Tuesday the 26th February, the beginning of Drawing Week and the day I with about fifteen other art students caught a bus to Cronulla Sewage Treatment Plant. I didn’t know what to expect, but I’d spent a considerable amount of time (since the end of January) imagining what a sewerage works might actually be like; smelly, noisy, full to the brim with poo and populated with diligent hazmat and high viz wearing workers. What it was like, was quite different than I expected.
We walked in single fine, wearing high viz green vests with TOUR emblazoned on them, along the renewable walk. The site was vast, we walked up stairs and across gangways and down again. Seemed like we were walking for hours, it was so humid in all our layers. The hard hats fit awkwardly and I was starting to get thirsty.
There was no poo in sight. Only enormous vats of murky water, numerous pipes and empty tanks filled with old chains. The smell was more salty like the beach and mangroves or heavy rain than the foul odours associated with fecal matter or manure. The sterilised experience, the inner works hidden beyond our sight.
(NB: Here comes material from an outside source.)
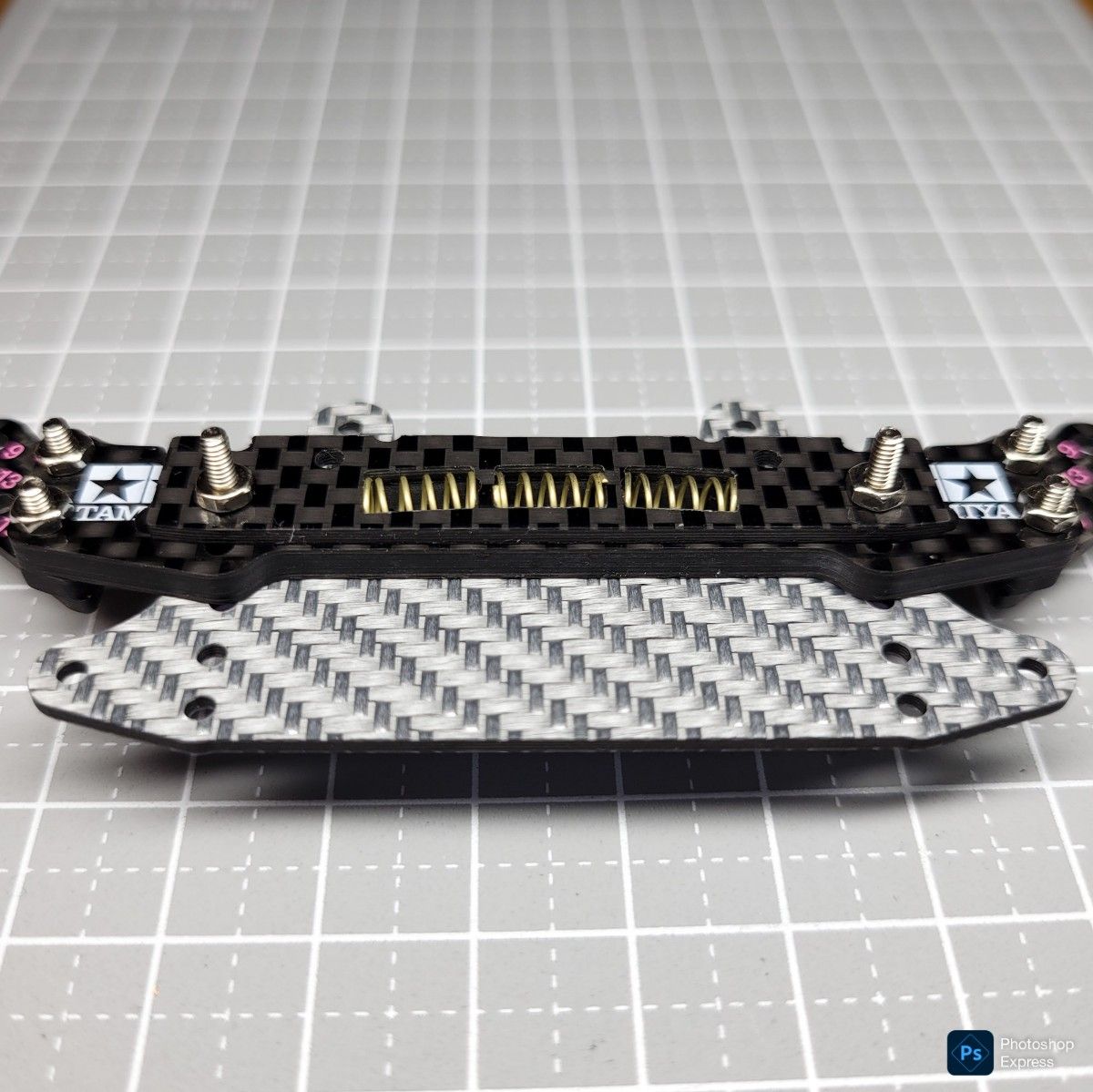 SD-Fix 【CNC加工】 スライドダンパー 10mm円形可動 バネ3個 SD-Fix 【CNC加工】 スライドダンパー 10mm円形可動 バネ3個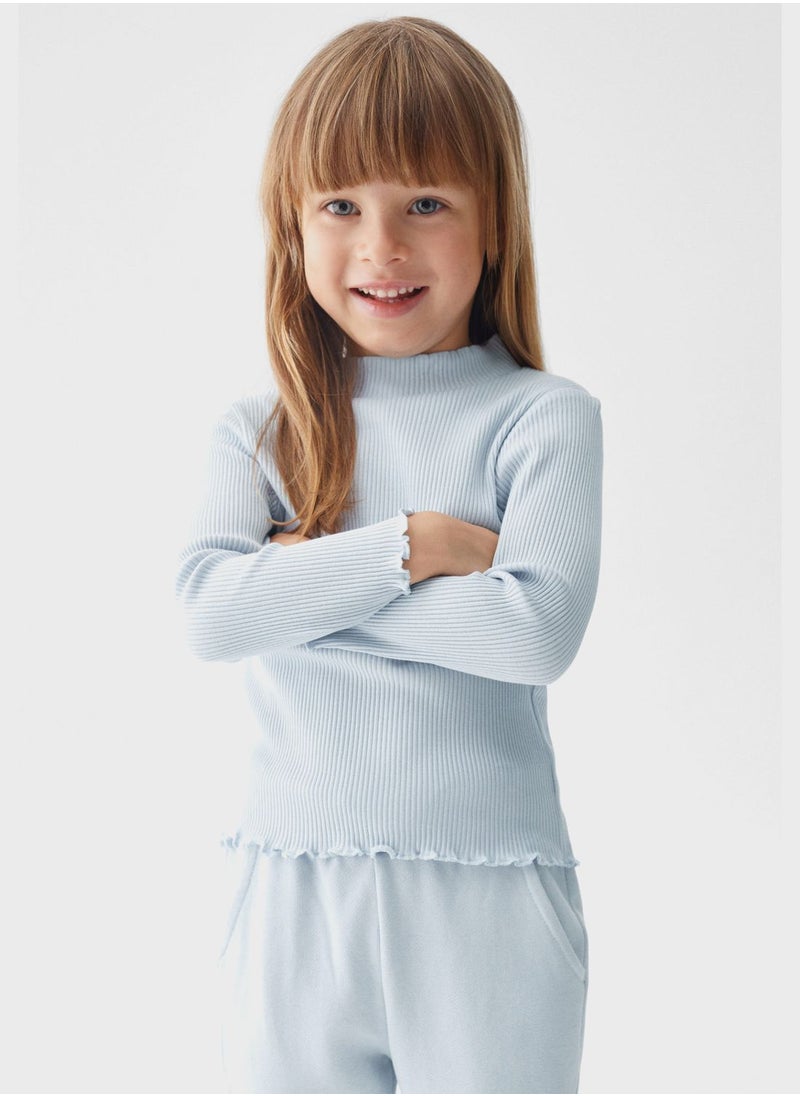 MANGO - Kids Turbob Essential T-Shirt - Image 1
We couldn’t help but notice that there were things growing in some of the tanks and thick spider webs covering pipes, it felt like we were exploring a modern ruin. That there weren’t any other human workers around but we were told not to worry “as probes were constantly monitoring the situation”, only adding to the feeling of being in an alien place. Far from other people, surrounded by industrial equipment and the thick vegetation that not only surrounded the sewage plant but had started to grow in it. Bringing to mind horror fiction of robot, alien and plant revolutions or evolutions. The quiet of the place only heightened the eerie quality.
After the excursion my mind was buzzing but lacking direction, after some sewage and artist research, as a way to collect my thoughts and continue pursuing my interest in sewage I’ve started this blog project. I don’t want to just focus on my visit to Cronulla Sewage Treatment Plant, as a secure sight it is hard to access, it is only the starting point.